Ángela Vallvey
Intimidad
Un proverbio chino dice que la puerta mejor cerrada es aquella que se puede dejar abierta. Naturalmente, detrás de esa puerta se supone que hay algo que quiere ser preservado, una especie de tesoro, o fortuna espiritual, que su propietario desea salvaguardar del resto del mundo. Algo así es la intimidad: un caudal de cosas privadas que sólo pertenecen a uno mismo. La modernidad ha sido tan escrupulosa con la intimidad que, en Occidente, incluso la ha incluido entre los derechos fundamentales protegidos por las leyes (art. 18 de la Constitución Española, verbigracia). En un mundo en el que vivimos fichados, registrados, exprimidos, catalogados y calados, se nos hace creer que tenemos derecho a la intimidad. Creerlo es bonito. Pensar que nuestras conversaciones, relaciones personales, higiene, hábitos, manías, vicios, debilidades, sexualidad, cuentas domésticas, aficiones, etc. nos pertenecen sólo a nosotros, es estupendo, reconforta, amansa el corazón del ciudadano. Aunque el del contribuyente sepa que no hay privacidad posible cuando el fisco conoce los detalles más onerosos de nuestra pequeña vida contable. Pero suponer que, porque lo dice la ley, nuestra intimidad está a salvo, es mucho suponer. Quien posea un teléfono o un ordenador conectado a internet tiene su intimidad a la vista. Las telecomunicaciones son esa puerta siempre abierta –pero por obligación– del proverbio chino. Nos piratean el correo electrónico tan fácilmente que, pensándolo bien, resulta espeluznante.
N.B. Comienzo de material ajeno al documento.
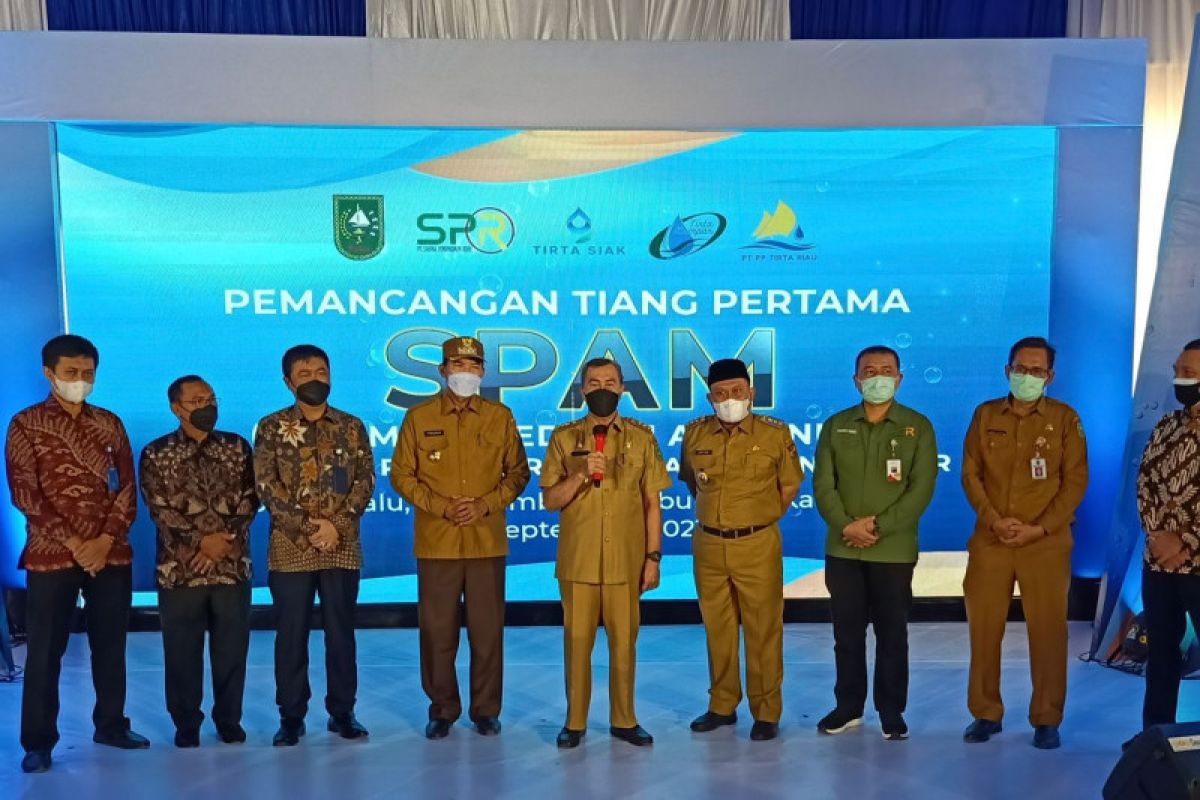 PT PP lakukan pemancangan tiang pertama SPAM di Riau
Cualquiera con las habilidades informáticas suficientes puede leer el contenido del disco duro de nuestro ordenador, donde almacenamos nuestra vida, saber qué hemos comprado con la Visa, qué chorradas escribimos en Facebook, acechar «on line» nuestros movimientos... Hasta hace poco, espiar era carísimo, peligroso. Hoy es pan barato y comido. La intimidad, el único reducto de libertad que le quedaba al ser humano contemporáneo, se ha ido al carajo. Y para siempre.